The mitochondrion is surely a target for NRTI toxicity, as evidenced by the vast amount of literature showing morphological and biochemical alterations of the organelle with NRTI exposure in vivo and in vitro (12, 21, 29, 52). However, this shared locus of toxicity belies the apparent complexity of NRTI toxicity. Suggested mechanisms of toxicity include, but are not limited to, the inhibition of DNA Pol-{gamma} (23, 24, 32), inhibition of endogenous nucleotide kinases (30, 35, 49), direct inhibition of oxidative phosphorylation (4, 5, 29, 40), reactive oxygen species (ROS) generation (31, 44, 46), and mtDNA and nuclear DNA mutagenesis (1, 10, 45), yet mtDNA abundance is commonly employed as the hallmark of NRTI toxicity. The results of this investigation demonstrate that inhibition of DNA Pol-{gamma} is but one of many possible cytotoxic mechanisms of the different NRTIs to alter the metabolic status of the cell and that the essences of mtDNA depletion in the mechanism of cytotoxicity differ among the different cell lines.

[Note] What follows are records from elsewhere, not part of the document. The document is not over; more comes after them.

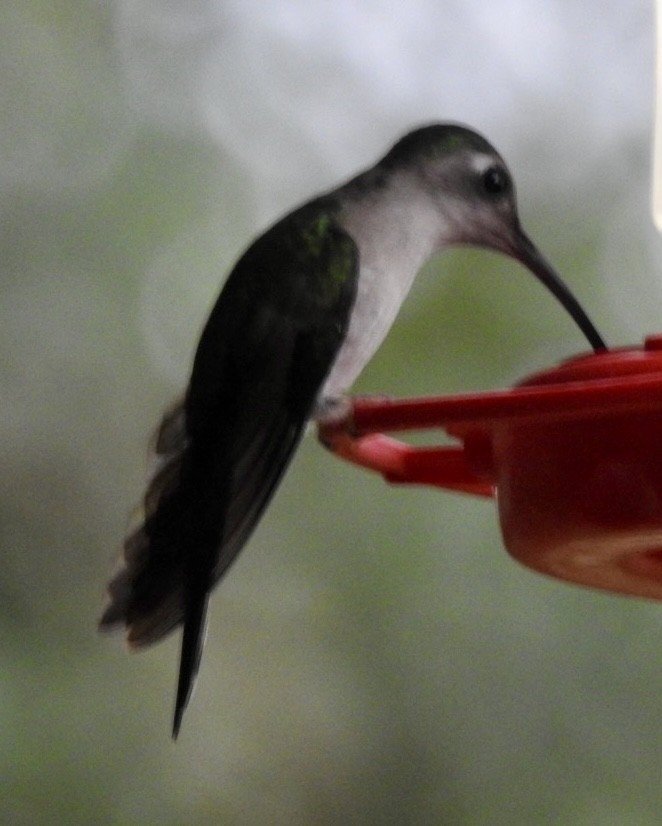 mexicosabelvinge - ML651929170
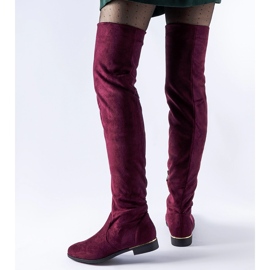 Duge bordo tople Elwira čizme od eko antilop kože crvena 1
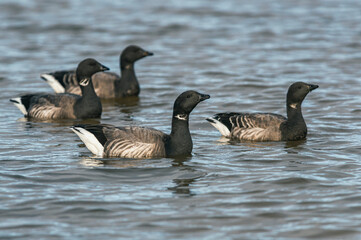 Brent Goose, Branta bernicla - Geese in the environment during winter migration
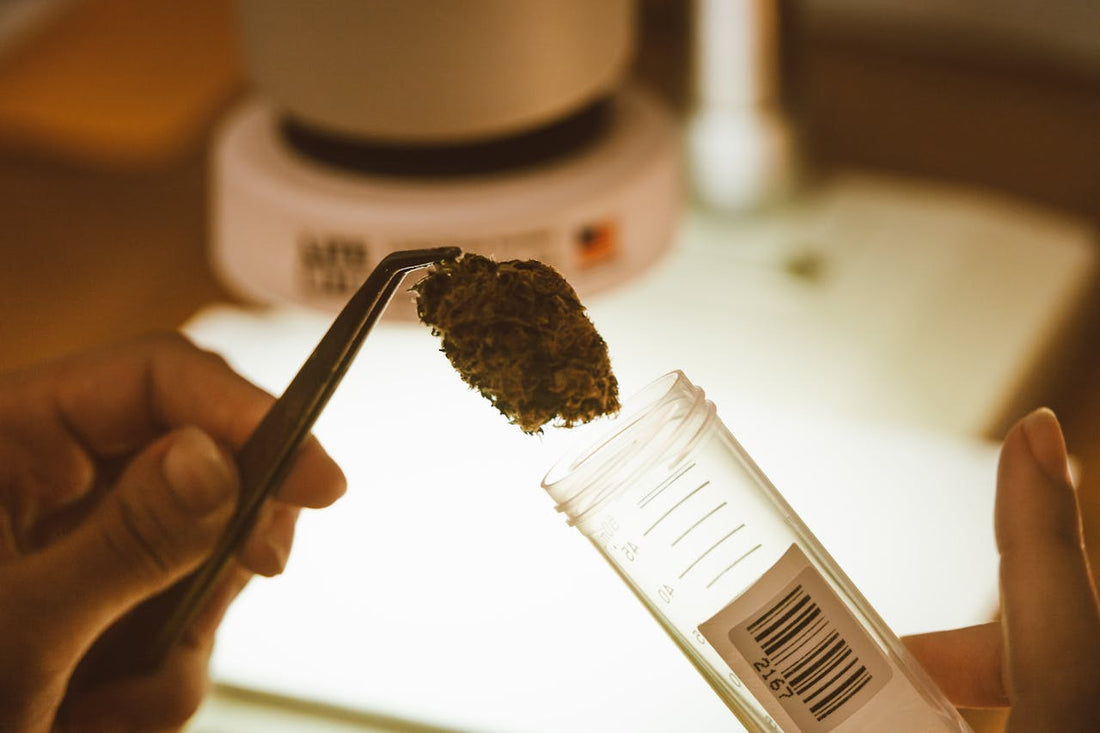 Medizinisches Cannabis wird im Labor mit einer Pinzette untersucht und in ein Probenröhrchen gefüllt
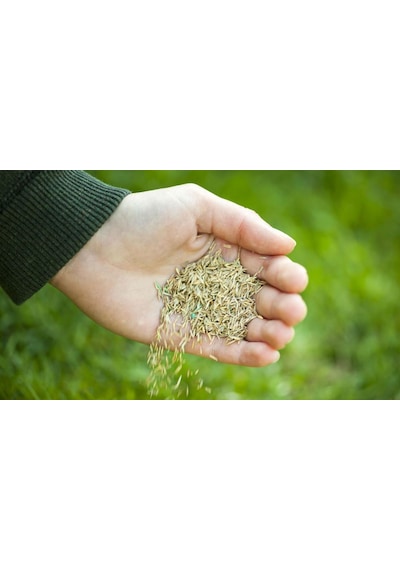 500 GR Çim Tohumu İthal 3Lü Karışım Özel Çim Tohumu + Tohu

In this study, we demonstrated that AZT, ddC, and ddI exhibit distinct toxicity profiles both within a single cell culture model and between two different cell types. Our results suggest that HepG2 cells are more responsive to NRTI exposure while H9c2 cells are generally refractory. This is in agreement with other authors, who have suggested that HepG2 cells are perhaps the "ideal" cell culture line to study NRTI-induced mitochondrial toxicity (20, 41). However, one should be careful to consider the clinical relevance of choosing a model solely on the basis of its responsiveness to the test compounds without regard to its clinical surrogate.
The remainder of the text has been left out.